Frege argued that number concept are, in the first place, second-order predicates. When we talk about numbers as objects, we use a logical device of "nominalization" that introduces object-level representations of higher-level properties. In Grundgesetze, he assumed that every first-order predicate can be nominalized: for every first-order predicate F, there is an associated object – the "extension" of F – such that F and G are associated with the same object iff ∀x(Fx ↔︎ Gx). The number N is then identified with the extension of 'having an extension with N elements'. Unfortunately, the assumption that every predicate has an extension turned out to be inconsistent, so the whole approach collapsed.

But we can introduce more cautious principles of nominalization. Button and Trueman (2024) show how one can conservatively (and hence consistently) extend a theory in a Fregean typed language, without singular terms for properties, to a theory in an extended language in which all predicates expressible in the original language have a nominalization. I'll give a brief summary of the construction.

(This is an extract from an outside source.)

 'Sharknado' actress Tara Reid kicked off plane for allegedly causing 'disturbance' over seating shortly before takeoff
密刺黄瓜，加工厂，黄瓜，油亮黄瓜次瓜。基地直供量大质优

Let T be the original theory. For any expression F of a higher type, we introduce an object-type expression nom(F). We also introduce an operation app so that app(nom(F), a) = F(a). Finally, we restrict all quantifiers in T by a new predicate real. To the resulting theory, we add some axioms governing nom and app and real. The most important ones, for present purposes, are these (slightly simplified):

Nom-real. ∀F(real(F) ↔︎ E!nom(F)).

Nom-nonreal. ∀F ¬real(nom(F)).

Nom-inj. ∀F∀G(nom(F) = nom(G) ↔︎ F = G).

B&T prove that the new theory is a conservative extension of the original theory.

B&T assume that statements like app(nom(F), a) are literally false, like metaphors or fictional statements. I prefer a different conception of their machinery. We can regard app(nom(F), a) as a convoluted way of saying F(a), which is true as long as the object a is F. The old language is a perspicuous representation of reality. The new language is a stipulative extension with no extra metaphysical commitments.

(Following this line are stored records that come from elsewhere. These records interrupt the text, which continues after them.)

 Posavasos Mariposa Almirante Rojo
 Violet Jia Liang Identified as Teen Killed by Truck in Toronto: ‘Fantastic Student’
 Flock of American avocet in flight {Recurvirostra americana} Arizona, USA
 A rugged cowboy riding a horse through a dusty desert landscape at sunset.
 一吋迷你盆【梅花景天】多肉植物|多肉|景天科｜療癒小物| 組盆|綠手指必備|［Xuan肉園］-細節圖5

Now. Can we recover Frege's logicism with this machinery?

Not quite. We'd like to define N as the nominalization of 'having a nominalization that applies to N things'. But we can't do that: nom isn't defined for 'having a nominalization that applies to N things'.

We could follow Frege's idea in Grundlagen and define zero as the nominalization of 'being non-self-identical': 0 =df nom(λx.¬(x=x)). We'd then like to define 1 as nom(λx.x=1), but again we can't do that because nom is not defined for λx.x=1.

So we need to change the construction.

We could proceed in stages. At stage 1, we introduce nominalizations for all predicates in the original language. At stage 2, we introduce nominalizations for all predicates in the language of stage 1, and so on.

Since λx.x=1 is a stage-1 predicate, it can be nominalized at stage 2. So the number 1 can be defined at stage 2. In general, each number n is definable at stage n+1.

To allow quantification over all numbers, we need to add a transfinite stage:

  • stage 0: the old theory in the old language;
  • stage n+1: add nominalization of all predicates in stage n;
  • stage ω: take the union of all previous stages.

If we generalize the last clause to all limit ordinals, will we reach a fixed point at which every predicate expressible in the language has a nominalization? I think so, because I think the language remains countable.

In any case, we have to adjust some other parts of the B&T machinery. The Nom-real axiom has to go. And I think we have to use different app and nom predicates for each stage, to avoid paradox.

It might be worth spelling out this construction. It seems to have a few advantages over traditional Neo-Fregeanism (as in Hale and Wright (2001)). In particular, it doesn't rely on the magic of abstraction principles (with the bad company of Axiom V). The introduction of numbers as objects is not an instance of abstraction, but of nominalization, and nominalization is a pervasive feature of our language. (We also don't have a special "Julius Caesar problem": that Julius Caesar is not a number is entailed by Nom-nonreal.)

(Thanks to Rob Trueman for discussion.)

Button, Tim, and Robert Trueman. 2024. “A Fictionalist Theory of Universals.” In Higher-Order Metaphysics, edited by Peter Fritz and Nicholas K. Jones, 0. Oxford University Press. doi.org/10.1093/oso/9780192894885.003.0007.
Hale, Bob, and Crispin Wright. 2001. The Reason’s Proper Study: Essays Towards a Neo-Fregean Philosophy of Mathematics. Oxford: Clarendon Press.